数年ぶりにコンタクトレンズをつけたときの話です。

さらにさかのぼり、生まれてはじめてコンタクトレンズをつけたのは、大学1年のとき。つまり西暦2000年です。
そこから2007年までの7年間、メガネは使わずにコンタクトだけで生活してきました。

2007年から仕事の都合で自宅でのPC作業が増えたことにより、目が疲れないようにとメガネをかけはじめました。

そして、2016年、どうしてもコンタクトが必要になり、9年ぶりにコンタクトを目に入れました。
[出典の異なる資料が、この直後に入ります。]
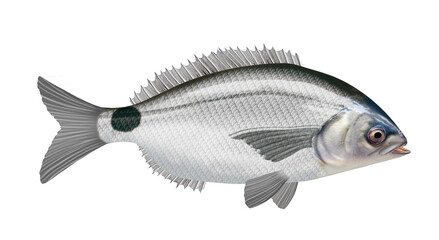 omblade ,  isolé, aliment, frais, comestible blanc, fruits de mer, cuisiner, pêche, mer, brut, animal, sain, ailette, maquereau, argent, attraper, nature, fraîcheur, eau, basse, queue, fleuve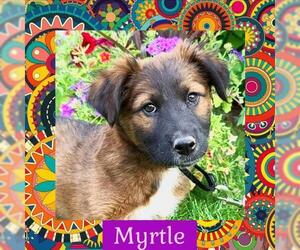 Mutt Dogs for adoption in Littleton, CO, USA
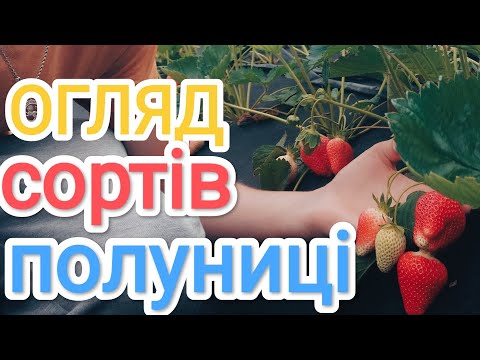 Видео: ОГЛЯД всіх сортів . ТЕРМІНИ, ЯГОДА, НОВІ СОРТИ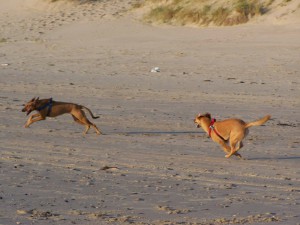 Spurt von Elli und Cooki, Strandurlaube mit Hund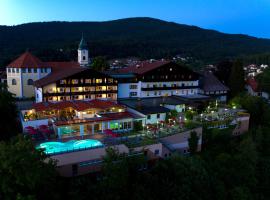 Wellnesshotel Hofbräuhaus，位于博登迈斯的酒店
新宿駅近くのショップで視力テストをして、そのまま購入。
せっかくなのでと、レンズを装着したまま店を出て、久しぶりに顔面に異物がない状態で街を歩けるぜと、ウキウキした気持ちでビルから外に出た瞬間です。

僕は愕然としました。
新宿の街にそびえ立つビル街が、地面に対して曲がって立ち並んでいたのです。

僕は一瞬、何が起こったのかわからず、世界の次元が歪んだのかとすら思いました。
その後、目に見える風景をじっくりと確認していくと、原因は自分の目にあることがわかりました。

視野の端が歪んで見えていたのです。

もちろん、眼球に対するレンズの曲面で考えると、より裸眼に近い歪み率で見れるのはコンタクトであり、むしろ今までメガネをかけて見ていた視野の端の方が歪んでいたはずです。
なのに、コンタクトをつけている今のほうが、歪んで見えている。

本来、いま見えている世界が正しいはずなのに、メガネを通して歪んだ世界の中だけで生きてきたので、当たり前のようにそちらが正しいことになっているということです。

さらには、その後です。
無意識のうちに、右手人差し指でメガネのフレームをずり上げる動きをしてしまい、空中をスカッと空振りをするという動きを、何度も何度も繰り返してしまいました。

ここで、ふと気付きました。
この一連の動きは、メガネのズレを直すためではなく、ただなんとなく惰性でやっていただけなのだと。
今まで何千回、何万回と繰り返してきたこの動きのほとんどは、無駄だったわけです。

人間の適応能力、そして習慣の凄さ。そして、怖さ。

何を為すにも、人間がもともと生まれながらに備えてある現状維持機能が味方となり、同時に敵となるということを目の当たりした、
矯正視力1.5の当時の僕でした。